> [TASK TO CARRY OUT] Given these entries, repeat exactly the lines starting with the one that has "Whole property with 1 room for rent" and going on through the one that has "3 Bedroom - Central Superior-Flat 115m2", both included, but none of the pictures.

> [EXTRACTED RECORDS]
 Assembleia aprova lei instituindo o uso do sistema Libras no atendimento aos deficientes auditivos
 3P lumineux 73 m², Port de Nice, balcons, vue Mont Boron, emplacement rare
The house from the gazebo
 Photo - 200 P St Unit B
...
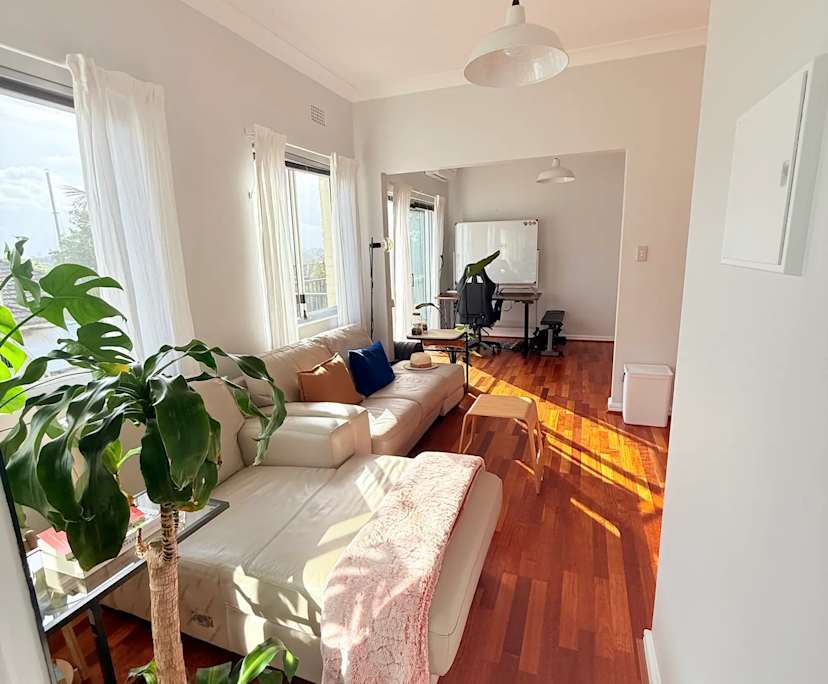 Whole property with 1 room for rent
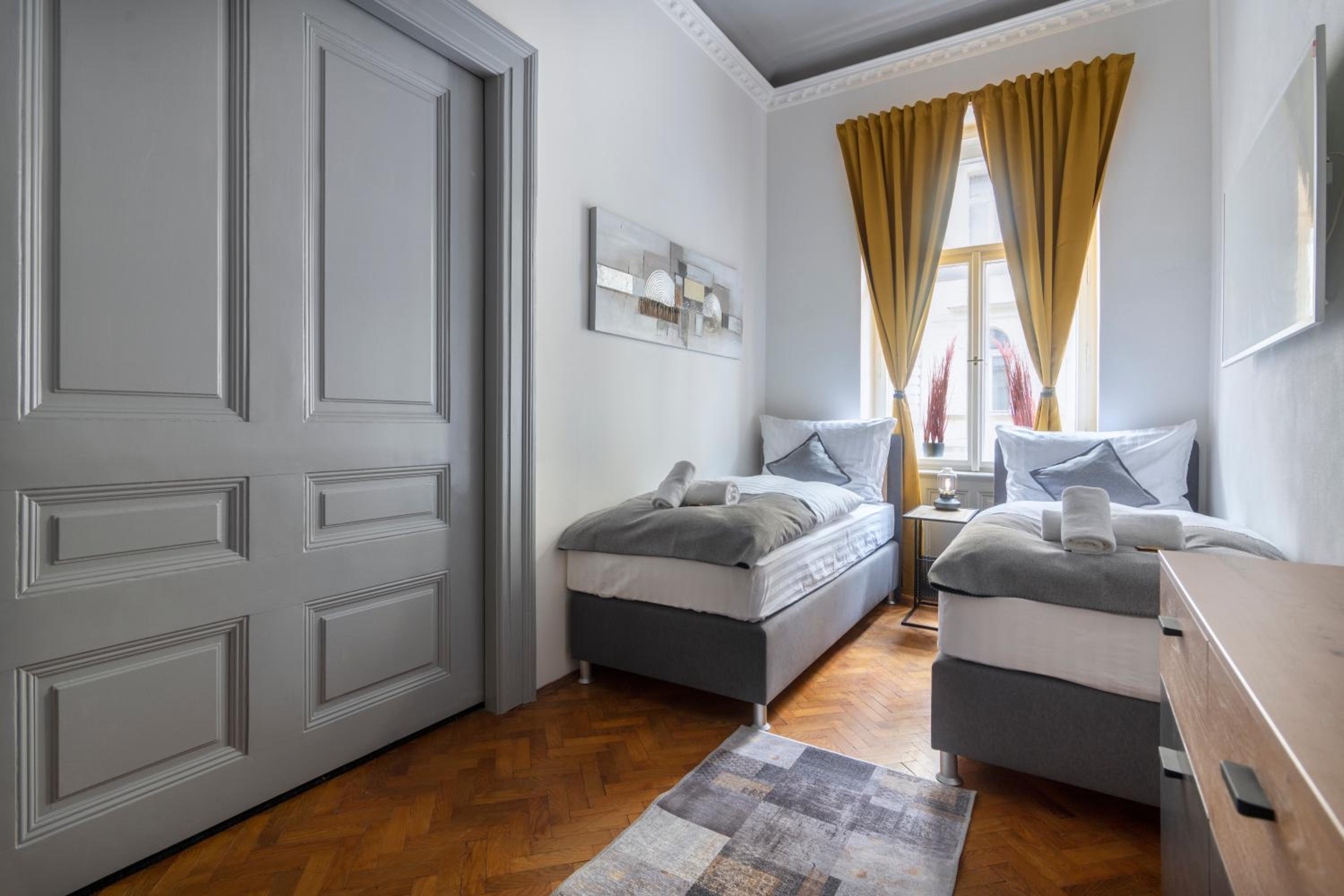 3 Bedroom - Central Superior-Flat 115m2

> [WRITTEN RESPONSE]
 Whole property with 1 room for rent
 3 Bedroom - Central Superior-Flat 115m2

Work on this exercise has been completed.